Touch

The gap between cultures and how to approach them is, for all the attempts at it, still very difficult for stories to encompass.  How much are all peoples the same no matter their history?  How much are we kept separate from each other from our background, how intrinsic is it to our individuality?  These are difficult questions which make them ripe for drama to explore.  Unfortunately, it also makes it very difficult for drama to say anything relatable about them either.  Most attempts to do so are, ironically, limited by the viewpoints of whoever is making them as they attempt to traverse a gap between being overly sentimental and overly cynical.  Aleksandra Szczepanowsa’s Touch does not fall into that gap, but it is a film on culture from an outsiders eye which does create a distance of its own.

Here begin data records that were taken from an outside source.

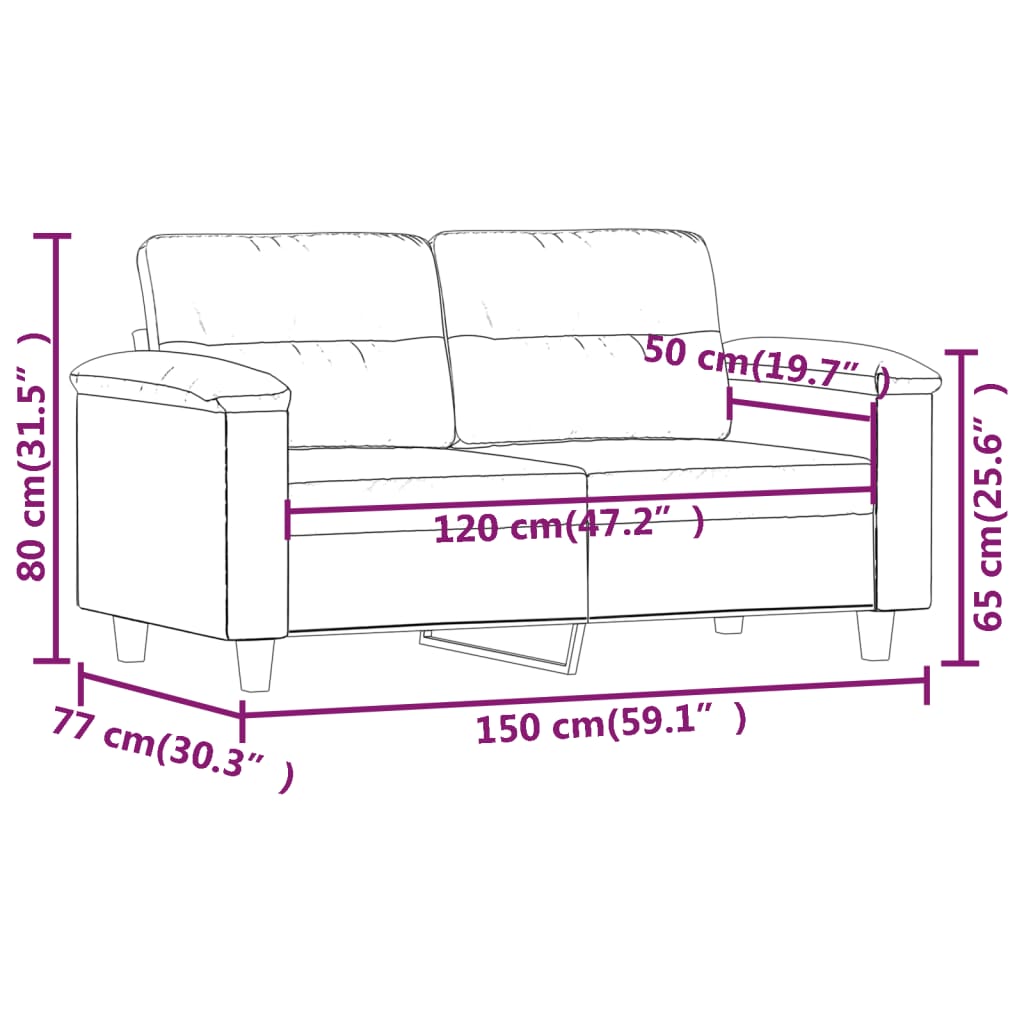 2 -seerer Mikrofasertuchsofa 120 cm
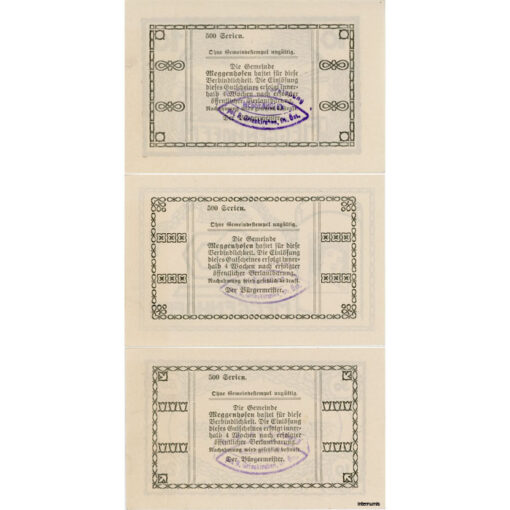 Meggenhofen(OÖ) - 10,20,50 Heller 1920, Papier weiß, Vs. Gemst., Bildseite Druck braun, 500 Serien, (KKN.S603)III)e) Erh. I-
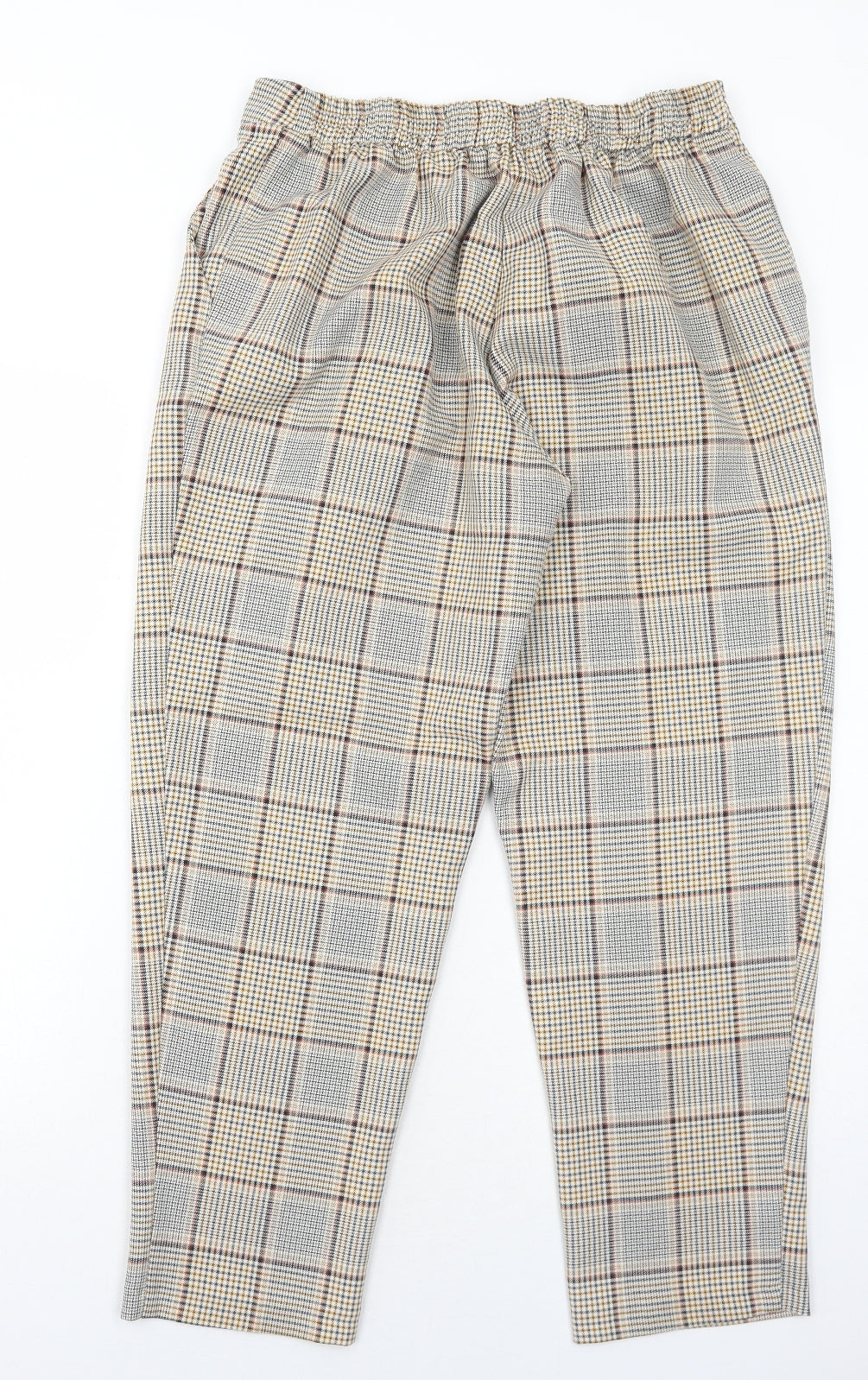 New Look Womens Yellow Plaid Polyester Carrot Trousers Size 14 Regular Button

Szczepanowsa, who also wrote and directed, stars as Fei Fei a world-famous dancer turned teacher living in China with her husband Zhang Hua (Yang).  How much longer she’ll be living there is up in the air, however; despite being married to a citizen an having a child she is still a foreign national trying to work through the labyrinthine bureaucracy of the country to become a permanent resident.  It’s a long, strenuous process made even more stressful by increasing distance with Zhang leaving her feeling isolated physically and emotionally.  Trying to deal with her increasing anxiety Fei turns to a blind masseuse (Yuan) and finds herself making the connection she had been fruitlessly searching for and may be too late to take advantage of.

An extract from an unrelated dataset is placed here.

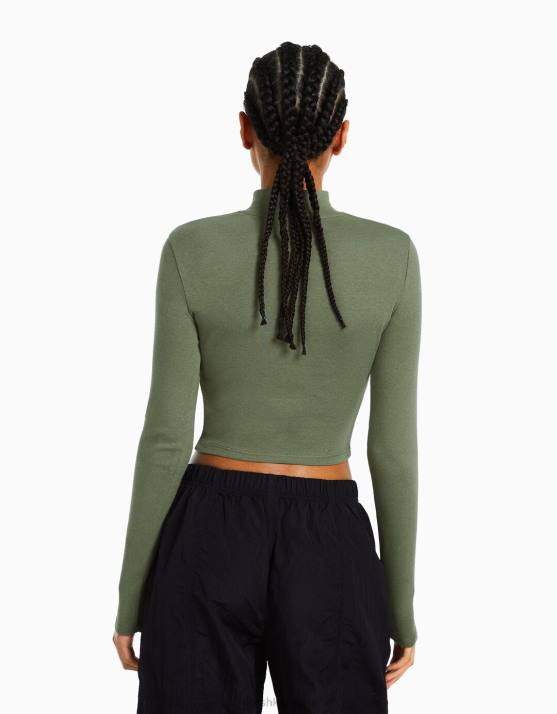 khaki Bershka Frauen Hochgeschlossenes, langärmliges T-Shirt H00J410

Touch is two stories, one internal and one external and both intrinsic to its writer-director-star.  In that sense it is not a film about the crash between cultures so much as one person’s specific existence as an outsider living in a country not their own.  It is the best option she could have taken, ditching any attempt to guess at what the Chinese view on her existence may be (except when it doesn’t) to focus specifically on her own reality.  Szczepanowsa’s script, and her performance of it, is at its most on point about her (which shouldn’t surprise anyone) and her growing feelings of isolation.  Though it is occasionally very on the nose about this more often Szczepanowsa lets small elements about her life speak to how everything is affecting her, from her distance with her own child to her changes in the way she teaches her dance students, forcing them to increase their own distance from one another.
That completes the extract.